I see the motor, pump, and pressure switch, but I'm not seeing and control circuit box which would have an overload relay and capacitor. Usually the capacitor goes bad or the contacts on the start/run switch burn out which is located inside the motor in the back. Getting to the start/run switch may require dis-assembly of the motor. Always keep a spare cap, press switch, check valve, and pump assy. on hand. I am not an expert but I have lived with well water all my life and this info is based on my experience only.


----------



## Cotton (Oct 12, 2013)

Seems to be a simple fix zimmy, thanks. I’ve a 3rd bedroom that I turned into a mini-shop w/ workbench for winter projects (no heat in the main shop). I brought the pump inside but the end cap is stuck on the motor. For $10 labor I’ll let the pump man deal with it. Think I might buy some spares to keep around though. I’m going to unbolt the motor from the pump before I take the motor to town. I need a new wire wheel for the grinder, going to repaint the pump housing while I’m at it, it’s over due.

Right now I’ve a rain/sleet mix. They say it’s going to turn to snow, a bad combo this far south. There are no salt trucks and only major bridges will get sand. Life will come to a halt until temps go up and melt the mess.


----------



## Caribou (Aug 18, 2012)

Cotton said:


> Think I might buy some spares to keep around though.


That is an excellent plan. I've had to replace pumps when parts were no longer available. I've done service work and try a I might I would sometimes run out of a specific part. You don't want to wait a week for a part even if it is still made. The biggest problem I had was with impellers.


----------



## LincTex (Apr 1, 2011)

If it is not froze.... but does "hum"... that's usually a bad start capacitor.

I agree, spare capacitors and pressure switches are cheap enough to have spares. Always use Square D switches.

Don't worry about the snow - I got 3" and it was all melted off 4 hours later.


----------



## Viking (Mar 16, 2009)

Caribou said:


> That is an excellent plan. I've had to replace pumps when parts were no longer available. I've done service work and try a I might I would sometimes run out of a specific part. You don't want to wait a week for a part even if it is still made. The biggest problem I had was with impellers.

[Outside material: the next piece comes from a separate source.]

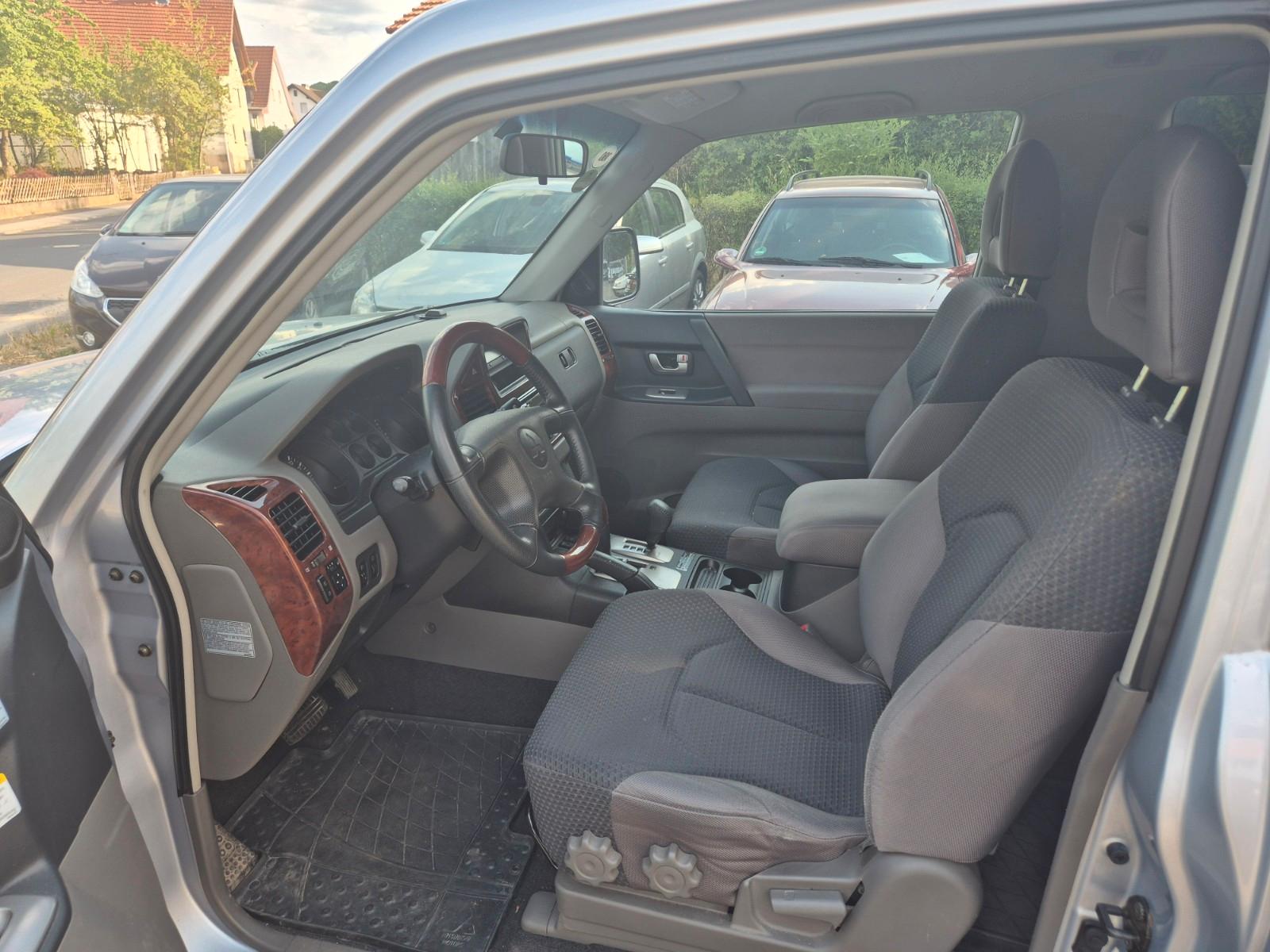 MITSUBISHI PAJERO 3.2 DI-D ELEGANCE 160 CH 4X4 BVA - 1ERE MAIN - VOLANT EN CUIR - CT NEUF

I worked nearly 20 years as a custodian/maintenance person for a local school district and the biggest problems I had with pumps were #1 impellers, #2 centrifugal force start switch, usually broken springs or gummed up contacts, #3 bad seals or bearings and lastly start capacitors. I've had plastic/fiber impellers that eroded away within just a few months, it seems that the city water at a certain period of time had something in it that would eat up those impellers as well as rubber flush parts in toilets. Anyway, I always tried to find pumps that had stainless steal or bronze impellers. As the years went by the quality of available pumps steadily declined and about the only pumps worth using were made in Germany. Sad state of affairs that so called, "Free Trade", has caused such a degradation of quality of pumps, motors and other mechanical things we have relied on for quality and longevity.


----------



## Caribou (Aug 18, 2012)

While I was in the heating business and not the water pump business it was prudent to do other repairs for many of my customers. For those with multiple rentals I would get them to purchase a spare pump. As the pumps had problems I would set each up with unions and identical fittings. When a pump had problems I would just switch out the bad pump, plug in the new, and prime it then move on to the next job. Either I or the owner could then deal with the broken pump on a non emergency basis. 

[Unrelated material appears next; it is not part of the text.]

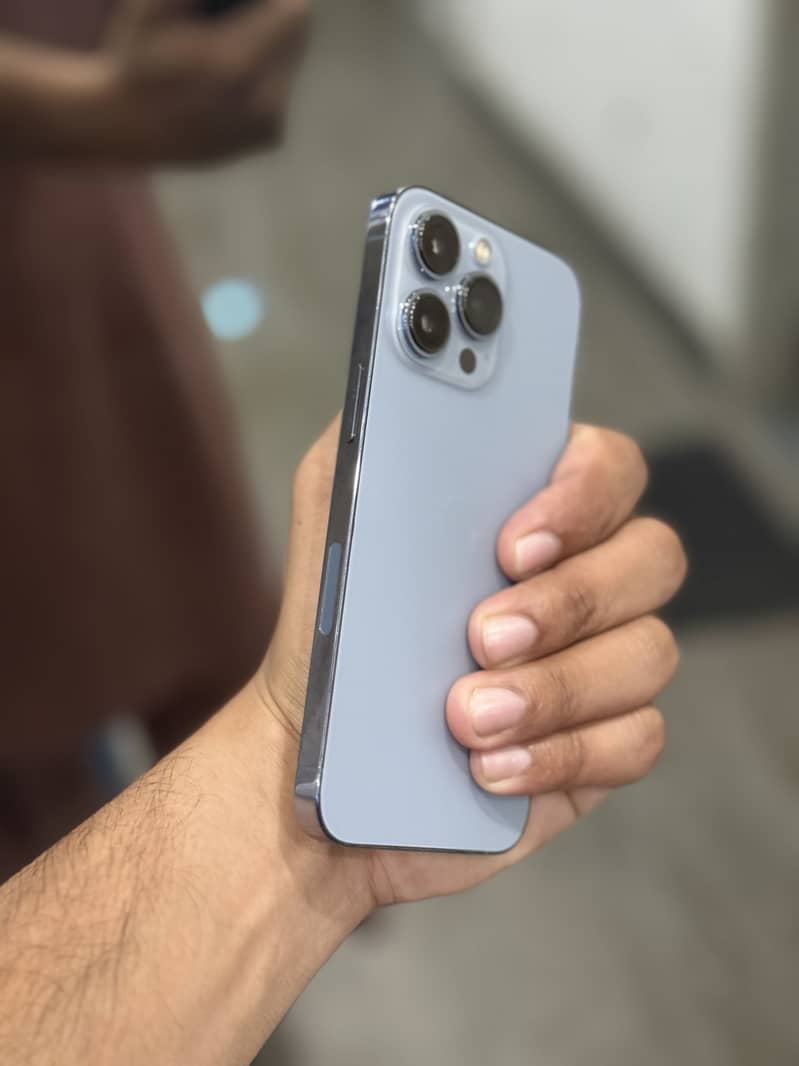 Apple iPhone 13 Pro 5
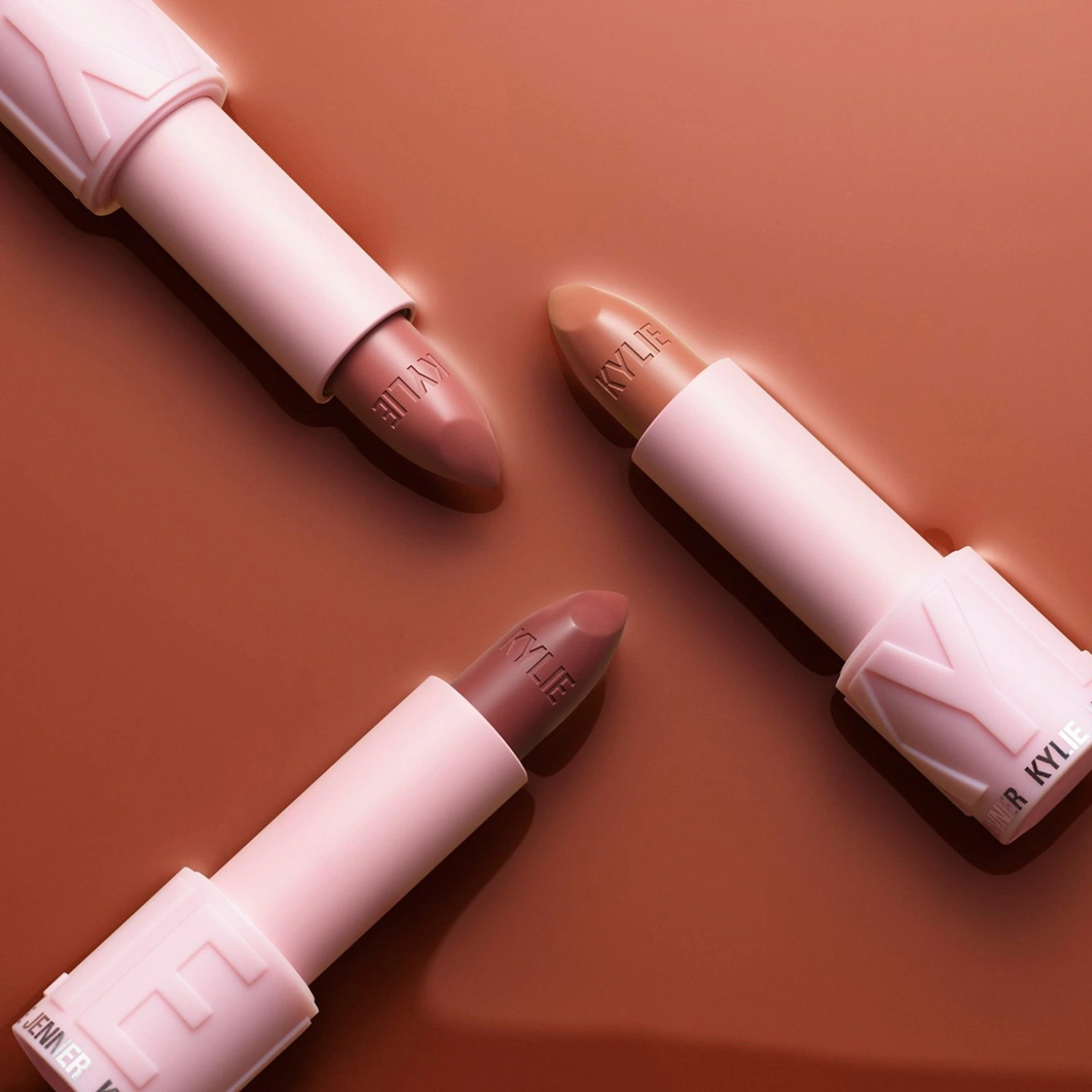 KYLIE COSMETICS Kremowa szminka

All pumps were set up with the off-on-off pressure switches. These are the ones with the little silver or gold colored levers on the side. The advantage to these is that if the well/tank runs dry then the pump automatically shuts off before it burns up the impeller and seal.


----------



## hashbrown (Sep 2, 2013)

I would put a new bushing and seal in it while I had it down.


----------



## Cotton (Oct 12, 2013)

hashbrown said:


> I would put a new bushing and seal in it while I had it down.


Good idea, thanks!


----------



## Cotton (Oct 12, 2013)

I got the pump motor fixed this afternoon. It was the starting capacitor. I picked up a spare. He didn't have a seal for the pump, the company that made it went out of business in the mid 80's, lol. It's not leaking so I'll just keep using it! They obviously don't make them like this anymore.


----------



## hiwall (Jun 15, 2012)

> It's not leaking so I'll just keep using it!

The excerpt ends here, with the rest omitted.